百千鳥

囀りや高度上げゆく信貴参道

ケーブルカー跡だから一直線である。

当然ながら傾斜はきつく、変化に乏しい道のうえ展望がきかないのでちっとも楽しくない。
その退屈を慰めてくれるのが鳥の声で、この時期は恋の季節だから当然賑やかかつ派手やかに鳴いてくれる。

七里御浜

囀りや沖の三里の黒き潮

囀りというと熊野の海を思い出す。

木本に始まる七里御浜だが、その北端を海に迫り出すように獅子岩、そして花の窟が突きでている。
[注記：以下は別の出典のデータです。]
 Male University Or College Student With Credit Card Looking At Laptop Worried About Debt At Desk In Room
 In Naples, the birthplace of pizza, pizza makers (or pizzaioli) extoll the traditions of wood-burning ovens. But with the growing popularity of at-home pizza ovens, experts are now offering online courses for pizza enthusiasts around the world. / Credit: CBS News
いずれも大きな一枚岩だが、あたりは海桐(とべら)の木が生い茂っていかにも海岸地方らしい雰囲気を漂わしている。
この海桐などの灌木をつたって鳥たちが降りてきては、春を謳歌する声を聞かせてくれるのだ。

今頃はメジロがいいリズムでさえずっている頃だろう。

都会化した生き物

コンクリで固めた街に囀れり

テレビの取材が始まるようである。

テーマは都会化した翡翠の生態。
かつての川仲間たちが案内の先導を勤めるらしい。
婚活から抱卵、巣立ちまでの一部始終があのミクロな世界を映し出すカメラワークで明らかになるのだと思うとできあがりが楽しみだ。

春がいよいよ本格化してきた今が彼らの婚活真っ最中。
雌が雄のテリトリーに入ってきて餌をねだる。この求愛給餌が成立するとカップル誕生である。
早ければ4月末から5月初にかけて一番子(年に3回ほど産卵子育てする)の巣立ちが見られる。